- _Supplied data_:
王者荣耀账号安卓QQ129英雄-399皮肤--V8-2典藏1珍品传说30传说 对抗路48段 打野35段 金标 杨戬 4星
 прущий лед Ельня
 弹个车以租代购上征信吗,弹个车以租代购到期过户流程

- _About this task_:
Copy the lines of the listing exactly. Skip none.

- _Exercise output_:
王者荣耀账号安卓QQ129英雄-399皮肤--V8-2典藏1珍品传说30传说 对抗路48段 打野35段 金标 杨戬 4星
 прущий лед Ельня
 弹个车以租代购上征信吗,弹个车以租代购到期过户流程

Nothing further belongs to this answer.